Sur la plupart des plateaux télévisés argentins, les participants célèbrent ce Messi que beaucoup définissent comme « maradonien ». Un capitaine avec du caractère – réclamé depuis des années – qui ne se laisse pas marcher sur les pieds, chante l’hymne à pleins poumons, harangue ses coéquipiers et peut parfois péter les plombs face à une injustice ou un manque de respect. « C’est un humain comme nous, et parfois, il lui arrive aussi de réagir, le défend Oscar Ruggeri, champion du monde 1986, sur ESPN. Ce n’est pas un robot. Même s’il est le meilleur de tous. Qu’est-ce que vous voulez ? Qu’il soit parfait ? Maintenant il fait comme Diego ! » Alors que dans la même émission, le Kun Agüero, qui était dans le grabuge de Lusail, reconnaît avoir vu un Messi « piquant », l’ancien attaquant Hernán Crespo a lui remarqué que le numéro 10 « extériorise beaucoup ses émotions pendant ce Mondial », rappelant notamment un échange très froid avec Robert Lewandowski lors du match de poule face à la Pologne.
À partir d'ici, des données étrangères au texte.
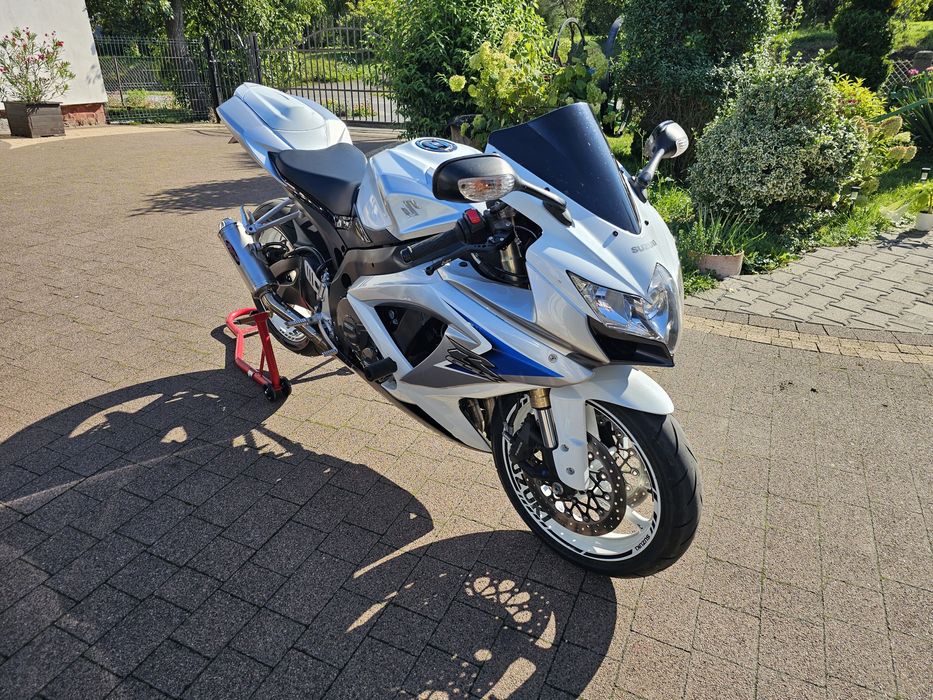 Suzuki Gsx-r 600 k8 mały przebieg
 Il n’avait jamais été impoli ou irrespectueux, ces traits qui semblent si souvent en Argentine indispensables pour atteindre l’idolâtrie. Messi a longtemps résisté, mais depuis quelques saisons, il a été intoxiqué. Le footballeur le plus extraordinaire peut aussi être un homme vulgaire.

Footballeur extraordinaire, homme vulgaire et goodies

Si le monde entier a été surpris de découvrir cette version dark de Messi, les Argentins l’ont été un tout petit peu moins. En 2019, lors de la Copa América au Brésil, la Pulga s’était déjà emportée face aux micros. Après avoir été, selon lui, injustement battu par les Auriverdes en demi-finales (2-0), l’Albiceleste décroche la troisième place en s’imposant face au Chili (2-1) malgré son expulsion, la deuxième de sa carrière pour un vif échange avec Gary Medel. Le numéro 10 refuse d’aller récupérer sa médaille de bronze. « Je ne veux pas participer à cette corruption, balance-t-il en zone mixte. Cette coupe a été truquée pour le Brésil. » Pour ces déclarations, l’ancien attaquant du Barça est suspendu trois mois par la CONMEBOL. En Argentine, la sortie de Messi contre la confédération est alors considérée comme une preuve de caractère inédite de la part d’un capitaine qui était jusqu’alors souvent vu comme trop lisse. S’élever contre les institutions le « maradonise » pour certains supporters. Cette « injustice » de 2019 sera d’ailleurs l’élément déclencheur de la bande de Scaloni, sacrée deux ans plus tard au Maracanã. Dans l’enceinte carioca, alors que ses coéquipiers, Rodrigo de Paul en tête, voulaient chanter en se moquant des Brésiliens battus en finale (1-0), Messi leur avait dit de s’arrêter pour respecter l’adversaire. Comme il le demande toujours.

Alors pourquoi avoir été si méchant cette fois-ci ? En Argentine, seul le quotidien conservateur La Nación a finalement osé la critique contre un Messi devenu intouchable au pays. « Il n’avait jamais été impoli ou irrespectueux, ces traits qui semblent si souvent en Argentine indispensables pour atteindre l’idolâtrie, écrivait le rédacteur en chef de la rubrique sport Cristian Grosso au lendemain du match contre les Pays-Bas. Messi a longtemps résisté, mais depuis quelques saisons, il a été intoxiqué. Le footballeur le plus extraordinaire peut aussi être un homme vulgaire. » Dénoncé sur les réseaux sociaux par des écrivains, des politiques et des journalistes locaux, l’édito a été perçu par beaucoup comme étant un texte « anti-patrie ». Toucher à ce Leo maradonien équivaudrait presque à trahir le pays. Surtout avant une demi-finale de Coupe du monde. Il faut soutenir, revendiquer le capitaine. Plus que jamais. Encore plus s’il est critiqué à l’étranger. Le « Qu’est-ce que tu regardes, idiot ? Va ailleurs, idiot ! » balancé par Messi à Weghorst est d’ailleurs en train de devenir une phrase culte en Argentine. Elle s’affiche déjà sur des calebasses de maté, des T-shirts ou des mugs qui font fureur sur les sites de commerce en ligne.